::: INPUT RECORDS :::

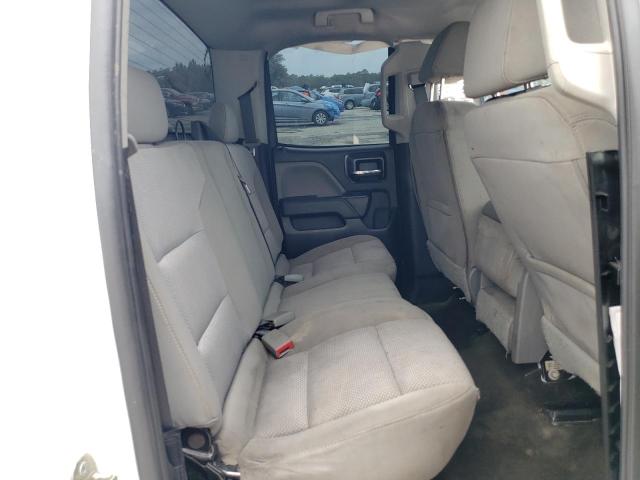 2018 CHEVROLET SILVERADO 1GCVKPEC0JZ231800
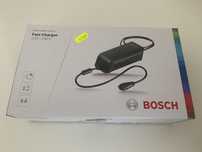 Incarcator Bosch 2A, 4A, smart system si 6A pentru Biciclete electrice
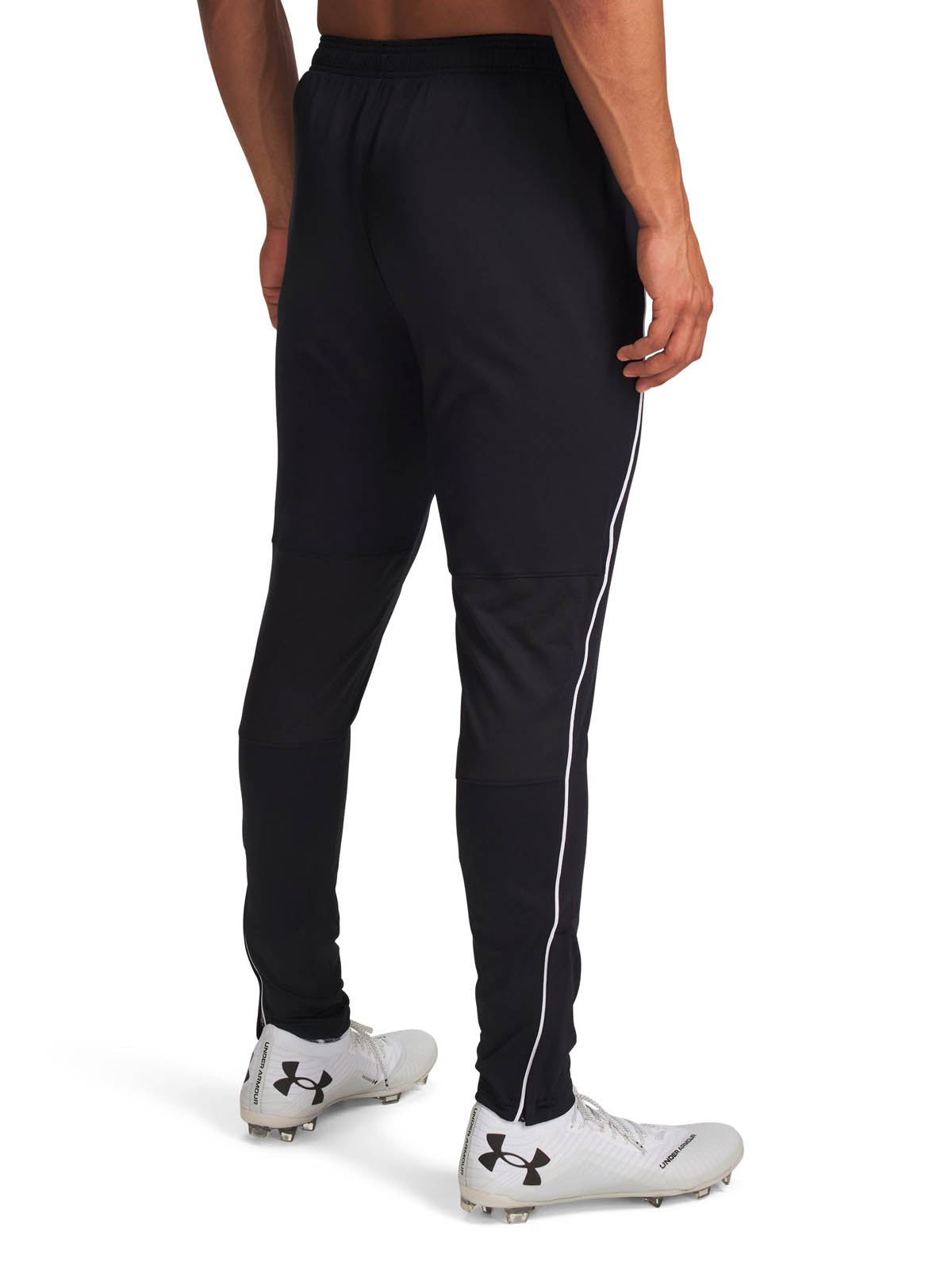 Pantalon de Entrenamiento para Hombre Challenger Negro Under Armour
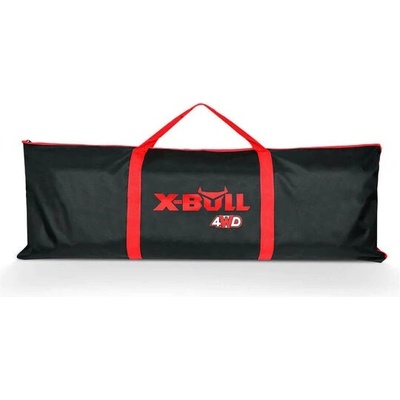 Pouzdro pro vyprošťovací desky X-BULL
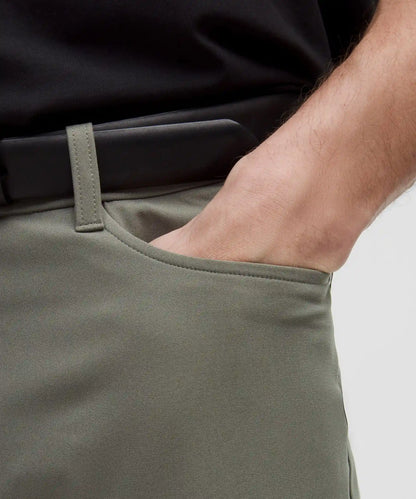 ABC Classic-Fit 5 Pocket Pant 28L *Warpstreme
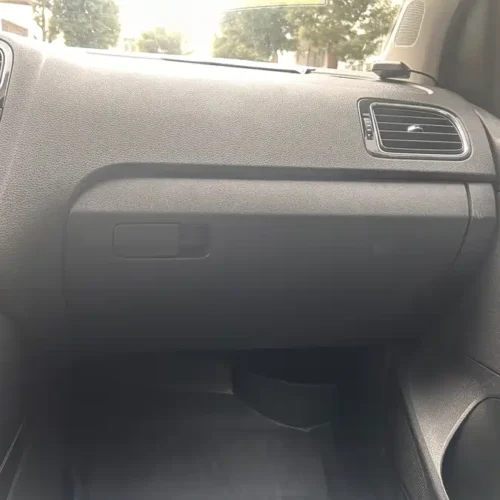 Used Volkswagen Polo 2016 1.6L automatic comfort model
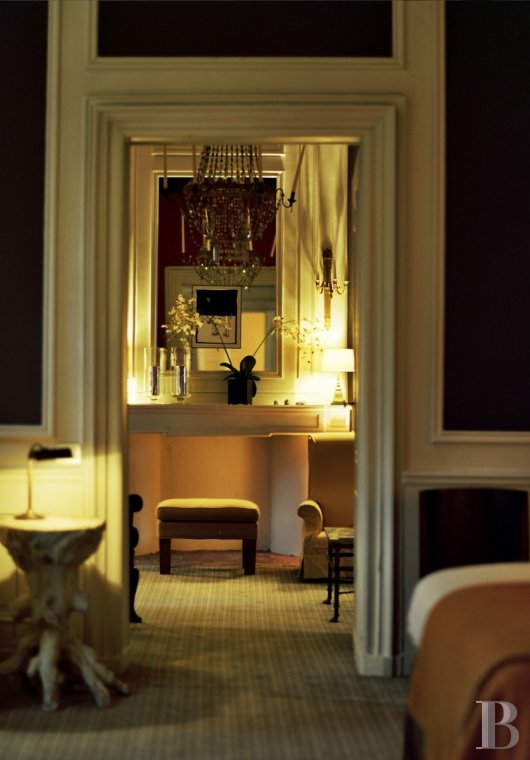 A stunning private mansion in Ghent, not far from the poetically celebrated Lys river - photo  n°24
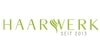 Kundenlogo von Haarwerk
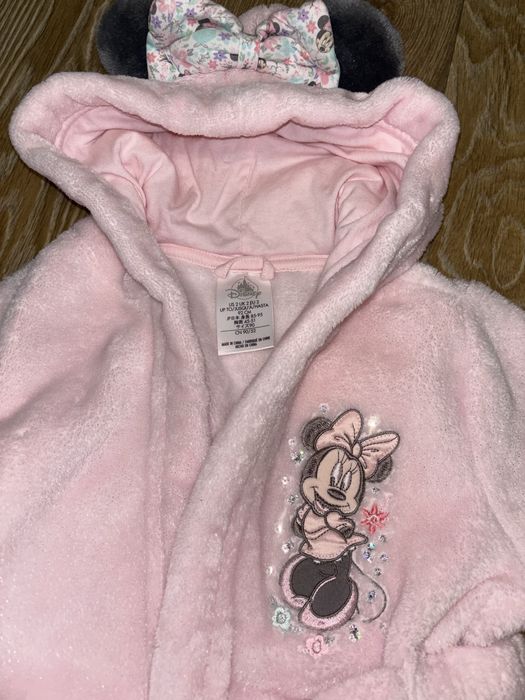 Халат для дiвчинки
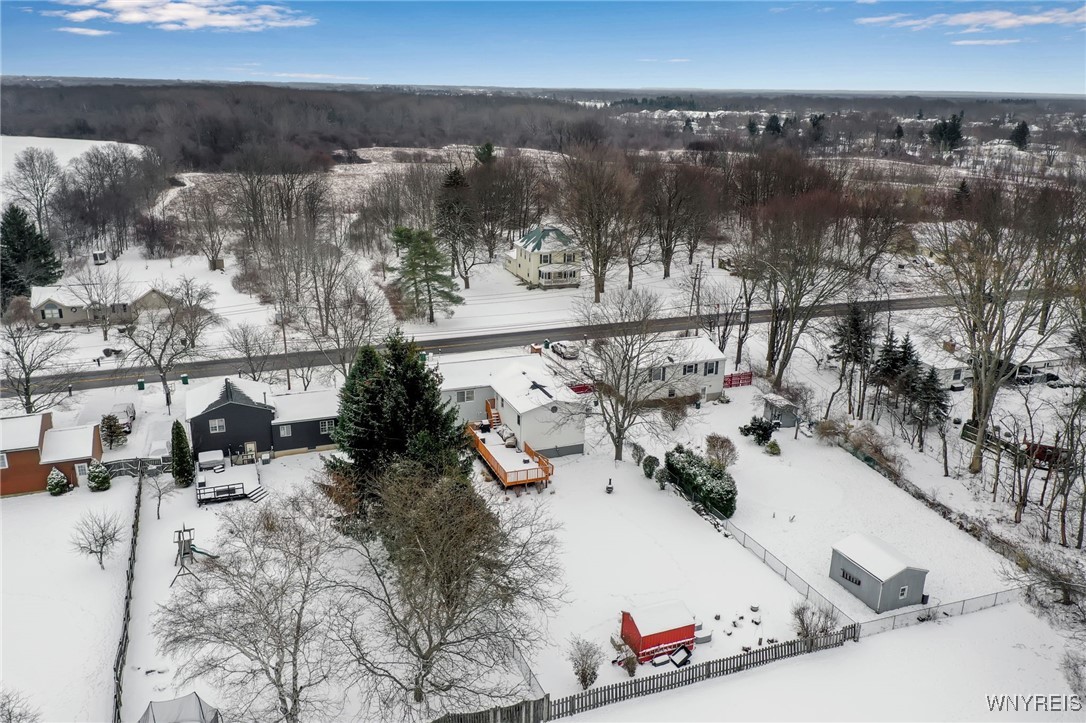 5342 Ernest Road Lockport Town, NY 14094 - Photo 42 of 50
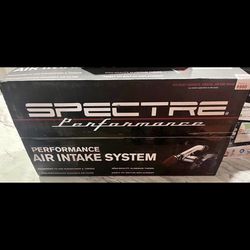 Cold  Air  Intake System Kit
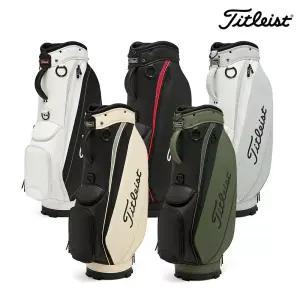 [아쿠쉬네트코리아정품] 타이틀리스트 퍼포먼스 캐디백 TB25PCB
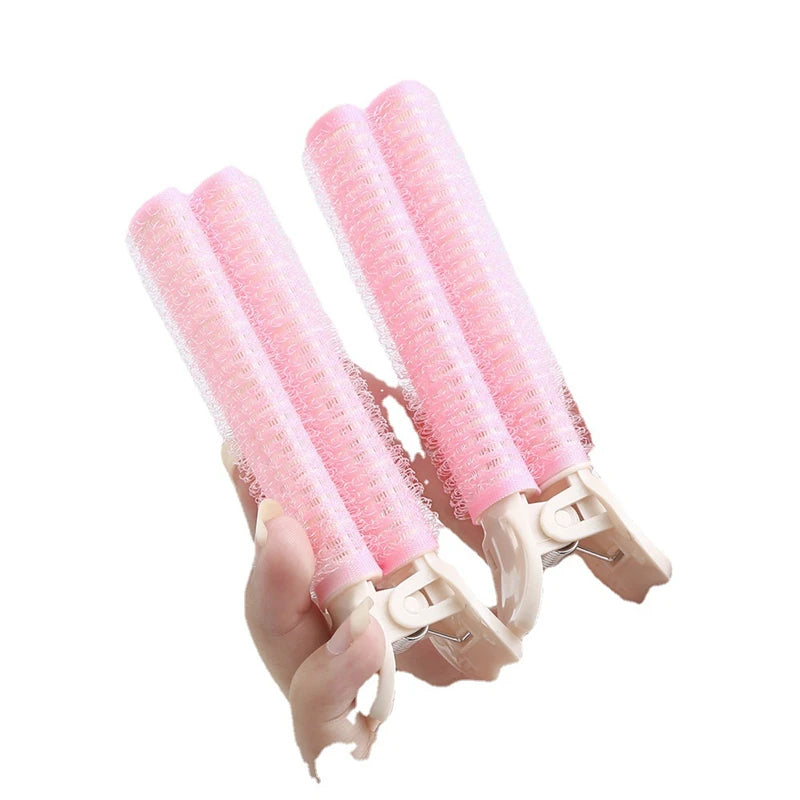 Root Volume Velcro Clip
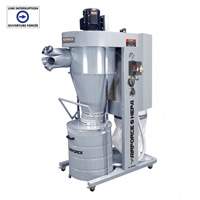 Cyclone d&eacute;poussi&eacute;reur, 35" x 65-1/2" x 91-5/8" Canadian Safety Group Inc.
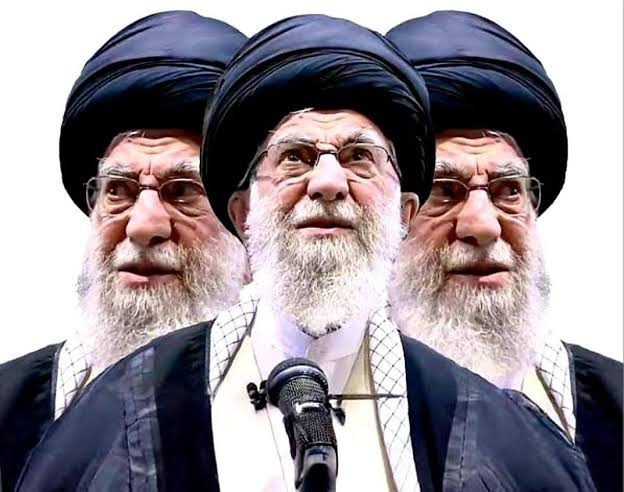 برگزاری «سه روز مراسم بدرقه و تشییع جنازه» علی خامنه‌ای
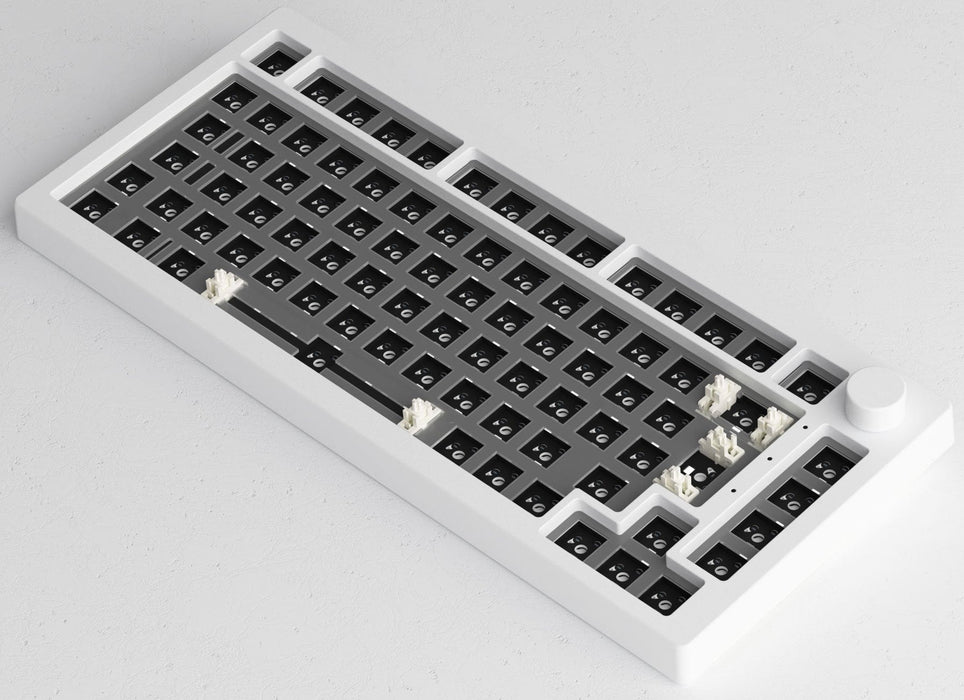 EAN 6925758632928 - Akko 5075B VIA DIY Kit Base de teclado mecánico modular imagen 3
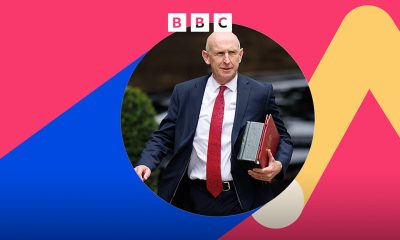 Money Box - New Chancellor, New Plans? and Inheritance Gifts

:::

TASK OBJECTIVE:
Each line above gets copied exactly; leave the pictures out.

TASK RESULT:
 2018 CHEVROLET SILVERADO 1GCVKPEC0JZ231800
 Incarcator Bosch 2A, 4A, smart system si 6A pentru Biciclete electrice
 Pantalon de Entrenamiento para Hombre Challenger Negro Under Armour
 Pouzdro pro vyprošťovací desky X-BULL
 ABC Classic-Fit 5 Pocket Pant 28L *Warpstreme
 Used Volkswagen Polo 2016 1.6L automatic comfort model
 A stunning private mansion in Ghent, not far from the poetically celebrated Lys river - photo  n°24
 Kundenlogo von Haarwerk
 Халат для дiвчинки
 5342 Ernest Road Lockport Town, NY 14094 - Photo 42 of 50
 Cold  Air  Intake System Kit
 [아쿠쉬네트코리아정품] 타이틀리스트 퍼포먼스 캐디백 TB25PCB
 Root Volume Velcro Clip
 Cyclone d&eacute;poussi&eacute;reur, 35" x 65-1/2" x 91-5/8" Canadian Safety Group Inc.
 برگزاری «سه روز مراسم بدرقه و تشییع جنازه» علی خامنه‌ای
 EAN 6925758632928 - Akko 5075B VIA DIY Kit Base de teclado mecánico modular imagen 3
 Money Box - New Chancellor, New Plans? and Inheritance Gifts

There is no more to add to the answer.